Il est enseigné dans la Guémara traité Péssa’him (41a):
« On peut s’acquitter de son devoir avec de la Matsa trempée. »
Cela signifie que si quelqu’un a consommé le soir de Péssa’h de la Matsa trempée dans un liquide, il est quitte de son devoir.
Cet enseignement nous apprend qu’il n’y a absolument aucun interdit à tremper de la Matsa pendant Péssa’h.
Même si lorsqu’on trempe de la farine et qu’on la laisse ainsi tremper durant plusieurs minutes, celle-ci va fermenter – et dans notre cas, nous trempons la Matsa – malgré tout, le phénomène de fermentation n’existe que pour une farine fraiche qui n’a pas encore été cuite. Or, dans notre cas, la Matsa est déjà cuite, et toute la farine qu’elle contient l’est aussi, c’est pourquoi elle ne peut fermenter de nouveau.

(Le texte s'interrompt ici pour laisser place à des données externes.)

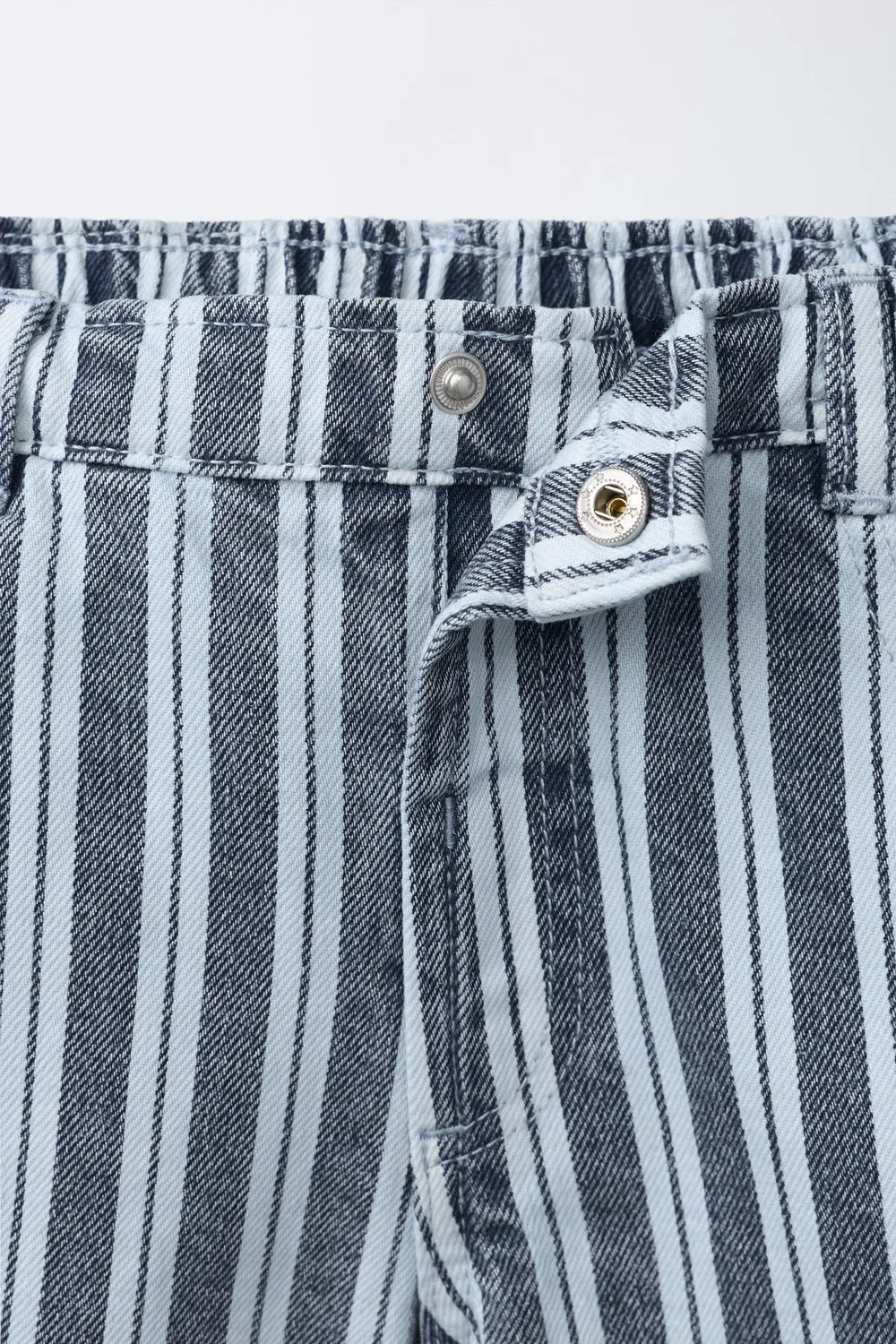 Полосатые мешковатые джинсы ZARA, Blue/White — фото 3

C’est en effet ce qu’écrit explicitement l’un de nos maitres les décisionnaires médiévaux, Rabbenou Eli’ezer bar Nathan (le Raavan, élève de Rabbenou TAM) dans ses commentaires sur Péssa’him 39a. Il rapporte que même s’il est permis de cuire dans un liquide une Matsa (qui est par définition déjà cuite), malgré tout, certains refusent de tremper une Matsa dans un bouillon le soir de Péssa’h, par ce qu’ils ont vu leurs parents avoir cette vigilance, et ils pensent qu’il y a là un interdit par crainte que la Matsa ne fermente. Mais ceci n’est pas exact, car si leurs parents ne trempaient pas la Matsa, ce n’est que pour garder intact le goût de la Matsa dans leur bouche durant toute la nuit de Péssa’h. Fin de citation du RAAVAN.

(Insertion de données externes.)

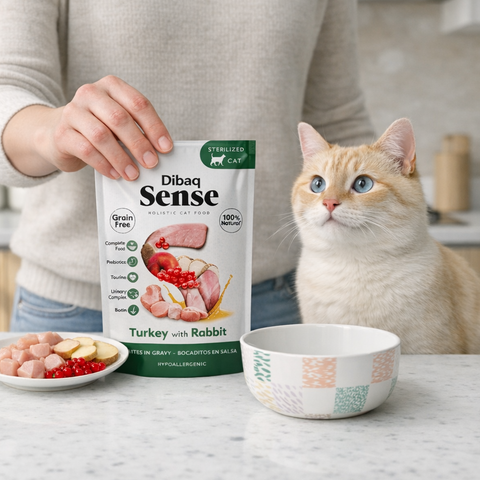 Dibaq Sense Cat Bocaditos de Pavo con Conejo 100g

Cela signifie qu’il n’y a pas de crainte de fermentation de la Matsa qui a déjà été cuite (lors de sa fabrication), et même si on la trempe dans l’eau durant toute une journée, elle ne fermentera pas. Et si certains ont la prudence le soir de Péssa’h de consommer uniquement de la Matsa sèche sans la tremper dans un liquide, ce n’est que pour préserver le goût initial de la Matsa, sans qu’il ne soit altéré par le goût d’un liquide. (Cependant, pour une personne âgée qui a des difficultés à consommer la Matsa, on peut autoriser même le soir du Séder, sans prendre en considération cette préférence).
Mais le Gaon Rabbi Zalman, auteur du Tanya, écrit dans une respnsa (fin du 3ème volume de son Choul’han ‘Arou’h), que celui qui s’impose la rigueur de ne pas consommer de Matsa trempée durant toute la fête de Péssa’h, est digne de la bénédiction. Tel est l’usage en vigueur dans la grosse majorité des mouvements ‘Hassidiques, ainsi que chez leurs maitres. La raison à cet usage rigoureux, réside dans le fait qu’après la cuisson de la Matsa, il arrive que quelques grains de farine tombent sur la Matsa. Il arrive aussi que l’on a cuit la Matsa si rapidement que quelques grains de farine au milieu de la Matsa n’ont pas eu le temps de cuire, et lorsqu’on va la tremper dans un liquide, ces grains sont susceptibles de fermenter.
Telle est l’opinion de plusieurs de nos maitres les décisionnaires des siècles derniers, et tel était l’usage du Gaon ‘Hafets ‘Haïm.
Cependant, la plupart des différentes communautés du peuple d’Israël ne suit pas cet usage rigoureux. Ainsi, on rapporte que le GRA (le Gaon de Vilna) a autorisé la préparation de « Kneidlach » (ou « Kneidler », recette d’origine Achkénaze de boulettes à base de farine de Matsa) à Péssa’h, que ce soit par cuisson ou au four, car après la cuisson de la Matsa, il n’y a absolument pas à craindre que la farine présente sur la Matsa n’est pas cuit.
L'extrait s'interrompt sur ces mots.